What the task requires:
All of the data should be restated word for word, with the pictures omitted.

Dataset content:
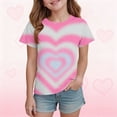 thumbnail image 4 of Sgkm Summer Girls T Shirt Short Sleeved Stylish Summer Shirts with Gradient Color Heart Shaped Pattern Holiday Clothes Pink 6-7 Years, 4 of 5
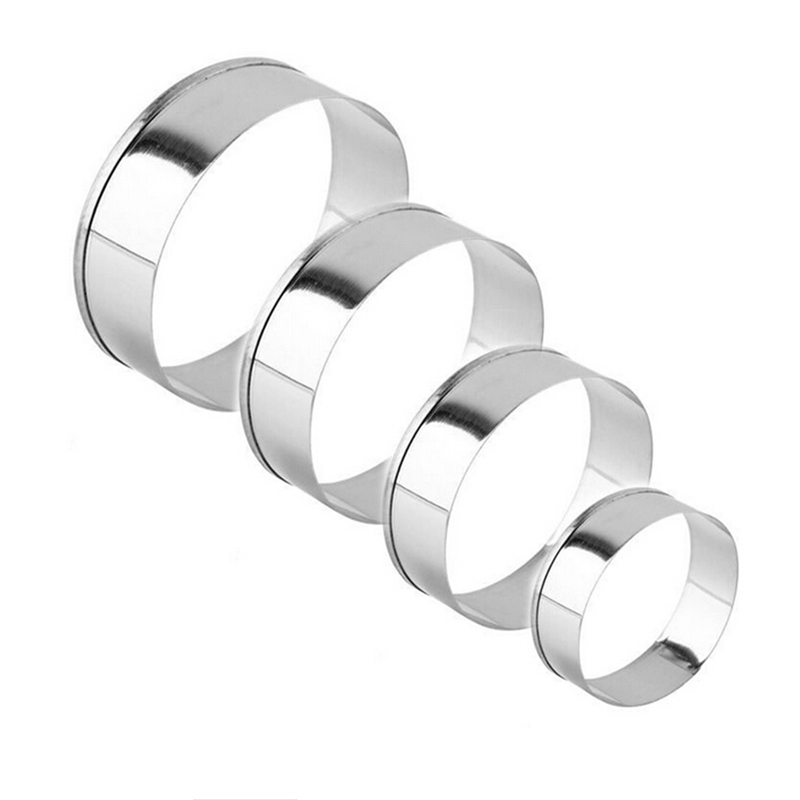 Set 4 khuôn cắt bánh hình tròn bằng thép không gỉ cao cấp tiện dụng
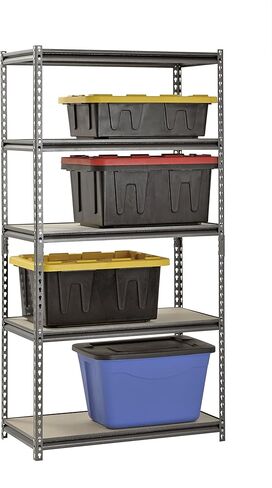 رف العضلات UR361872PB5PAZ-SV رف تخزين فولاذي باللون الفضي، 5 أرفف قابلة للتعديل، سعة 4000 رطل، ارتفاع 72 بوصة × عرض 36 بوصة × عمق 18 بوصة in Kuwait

Solution for this problem:
 thumbnail image 4 of Sgkm Summer Girls T Shirt Short Sleeved Stylish Summer Shirts with Gradient Color Heart Shaped Pattern Holiday Clothes Pink 6-7 Years, 4 of 5
 Set 4 khuôn cắt bánh hình tròn bằng thép không gỉ cao cấp tiện dụng
 رف العضلات UR361872PB5PAZ-SV رف تخزين فولاذي باللون الفضي، 5 أرفف قابلة للتعديل، سعة 4000 رطل، ارتفاع 72 بوصة × عرض 36 بوصة × عمق 18 بوصة in Kuwait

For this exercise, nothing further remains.